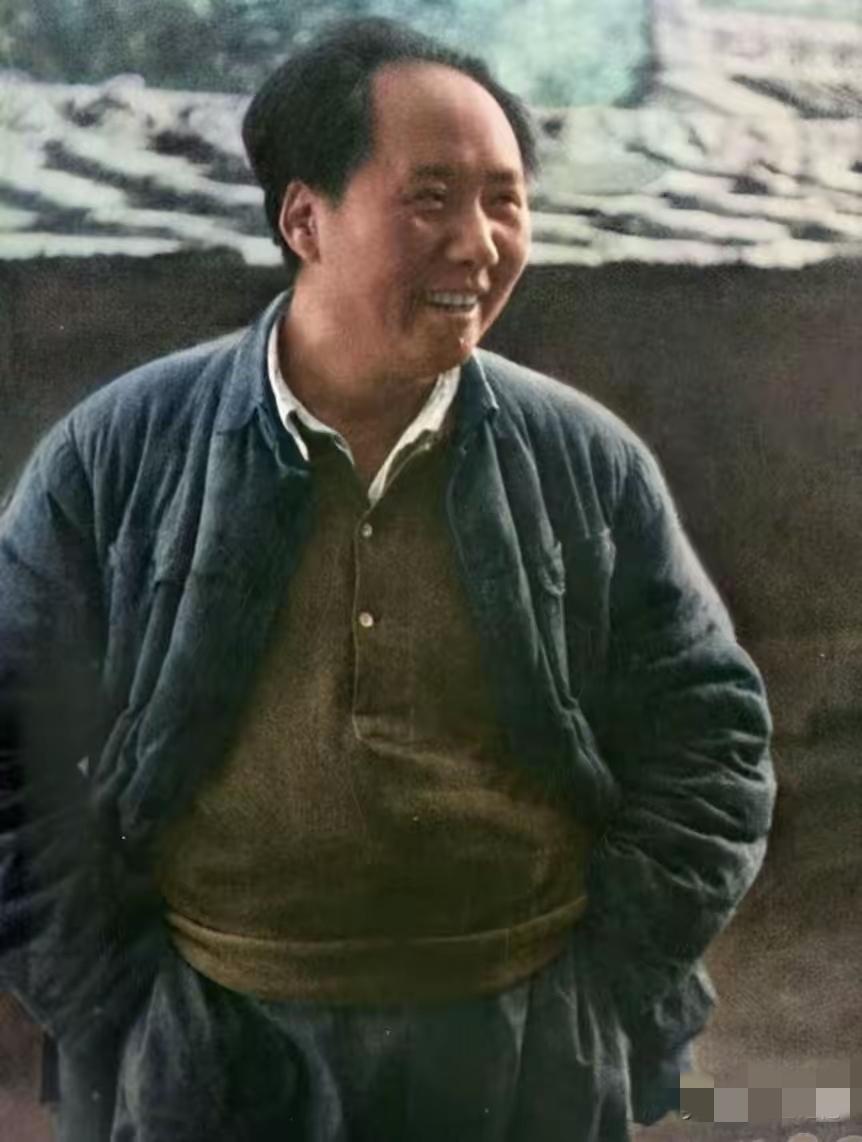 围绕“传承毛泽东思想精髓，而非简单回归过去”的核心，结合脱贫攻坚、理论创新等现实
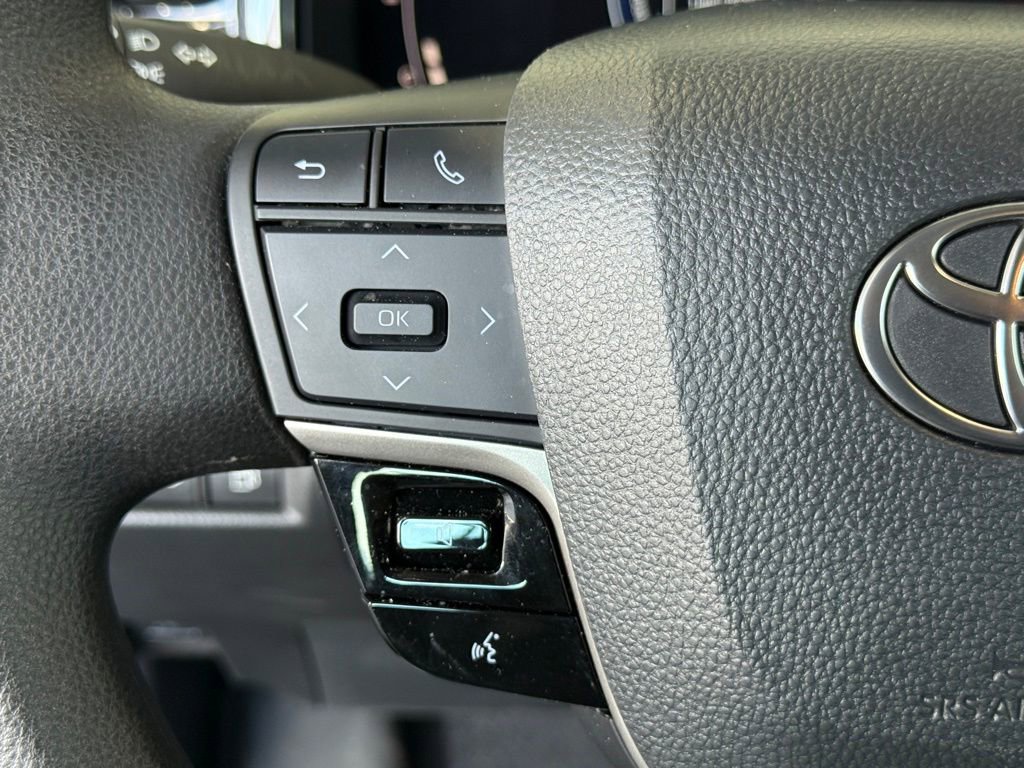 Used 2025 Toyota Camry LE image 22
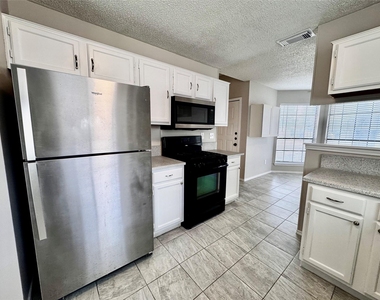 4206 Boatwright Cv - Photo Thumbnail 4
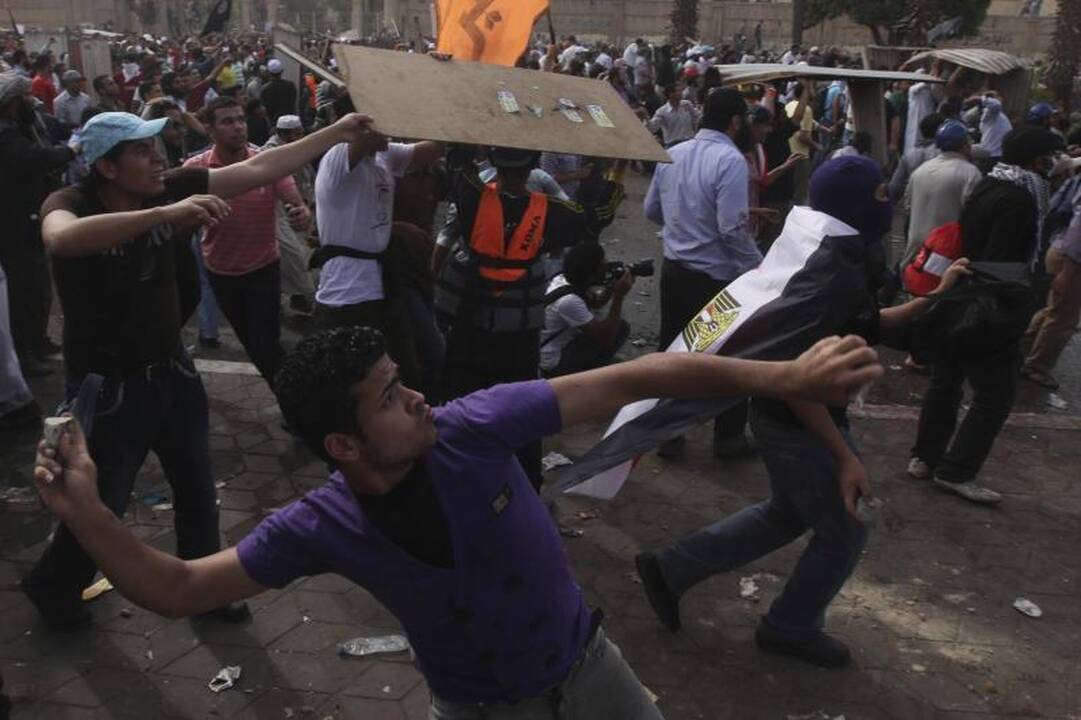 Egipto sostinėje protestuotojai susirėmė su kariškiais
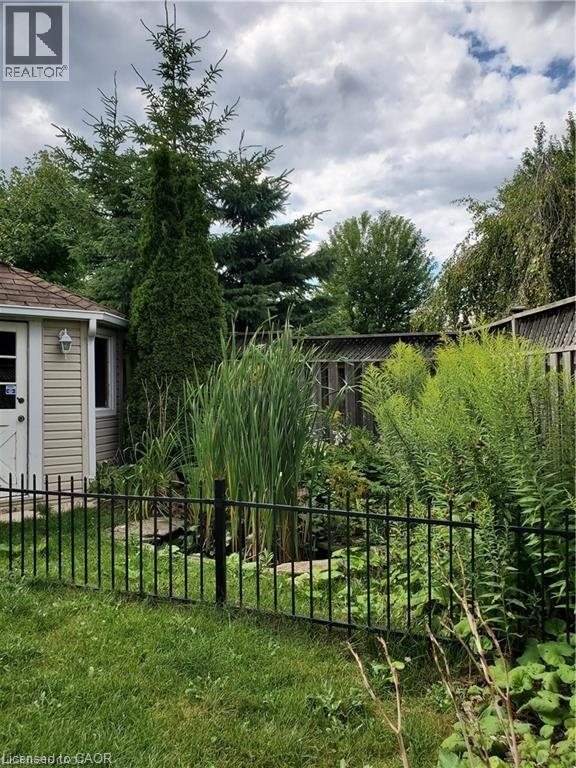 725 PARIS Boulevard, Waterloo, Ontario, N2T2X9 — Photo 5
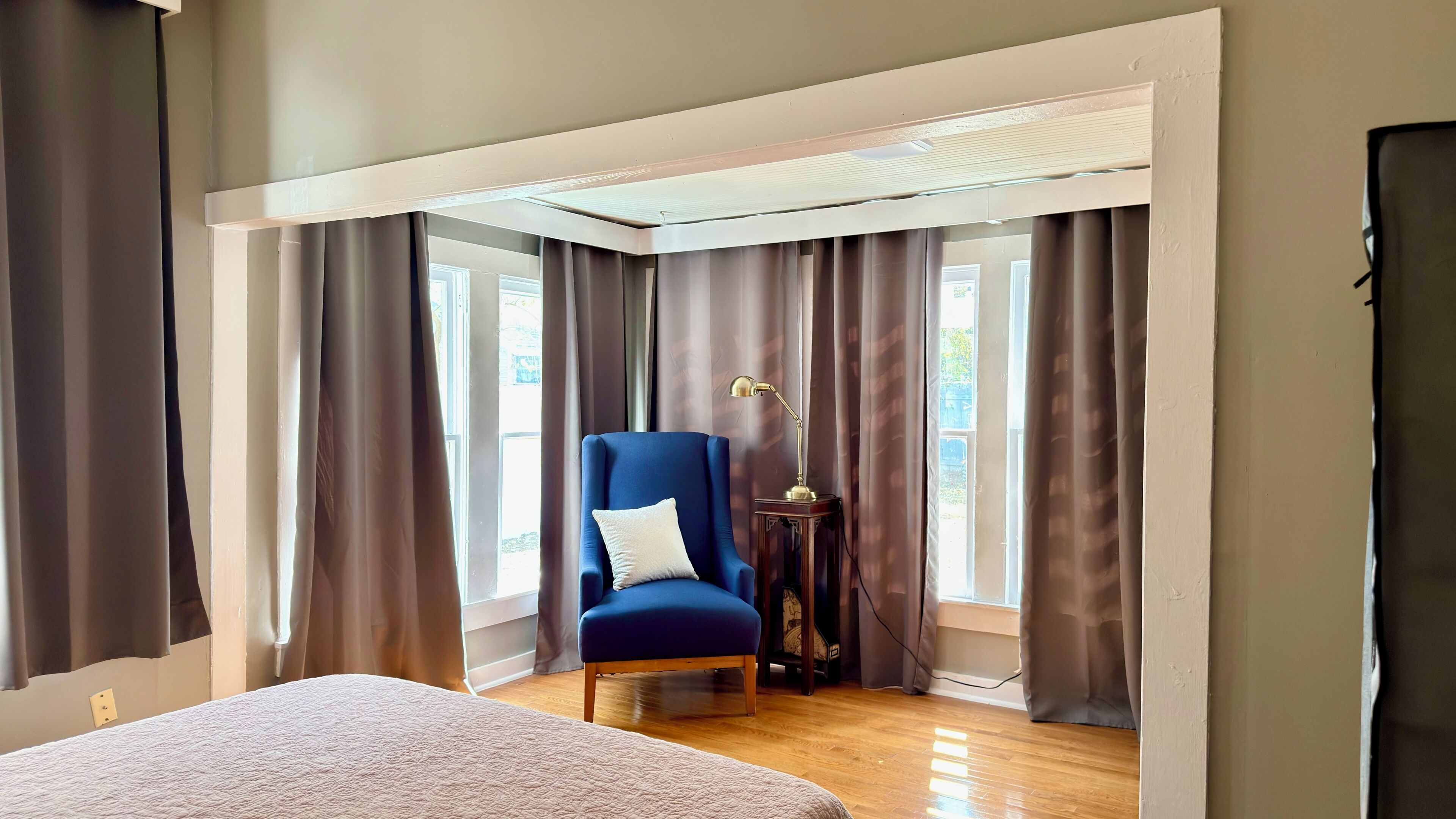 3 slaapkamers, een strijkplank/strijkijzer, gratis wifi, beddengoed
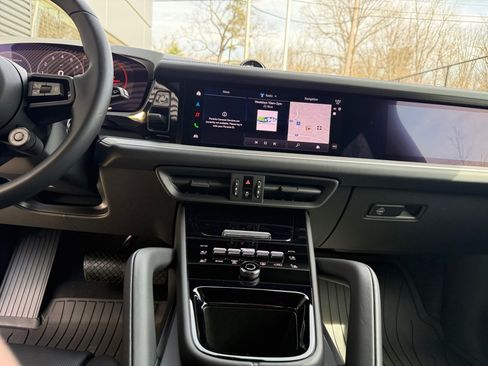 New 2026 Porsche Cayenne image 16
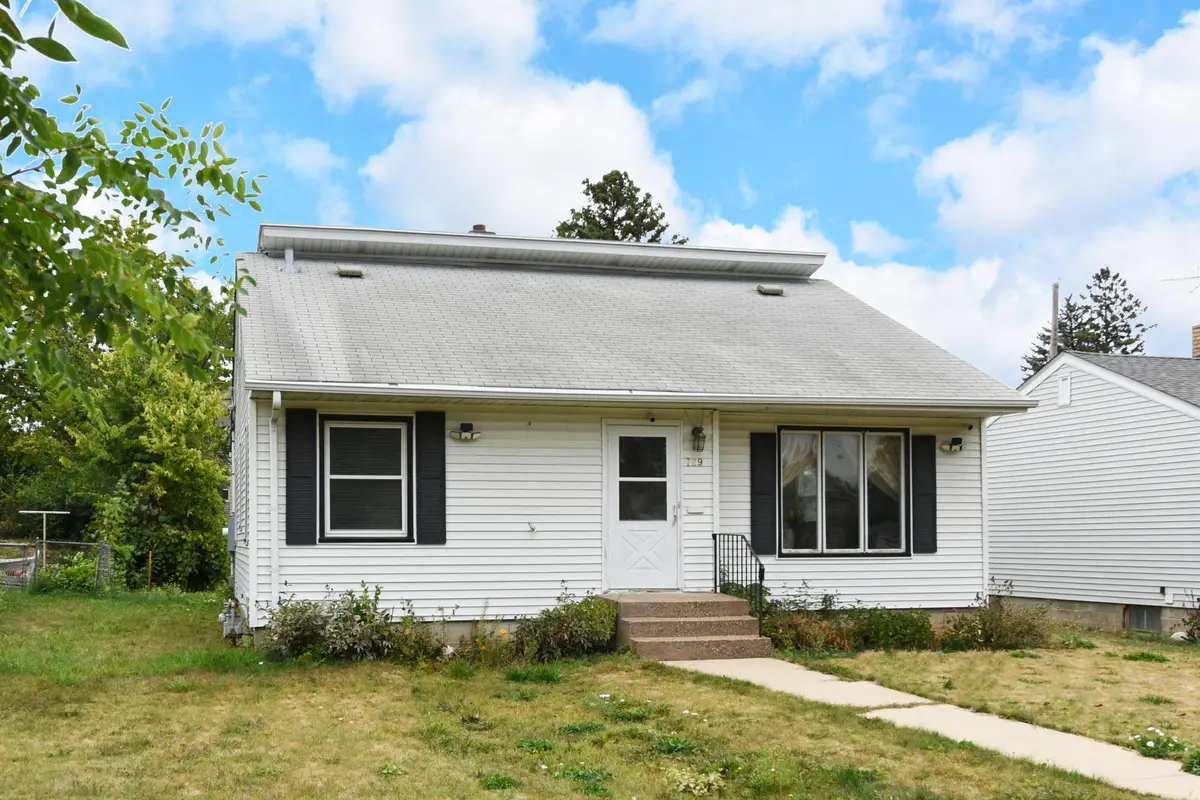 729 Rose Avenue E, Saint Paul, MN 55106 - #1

Task to complete – Pictures in the data above should not be copied; transcribe everything else exactly.

Task answer –
 围绕“传承毛泽东思想精髓，而非简单回归过去”的核心，结合脱贫攻坚、理论创新等现实
 Used 2025 Toyota Camry LE image 22
 4206 Boatwright Cv - Photo Thumbnail 4
 Egipto sostinėje protestuotojai susirėmė su kariškiais
 725 PARIS Boulevard, Waterloo, Ontario, N2T2X9 — Photo 5
 3 slaapkamers, een strijkplank/strijkijzer, gratis wifi, beddengoed
 New 2026 Porsche Cayenne image 16
 729 Rose Avenue E, Saint Paul, MN 55106 - #1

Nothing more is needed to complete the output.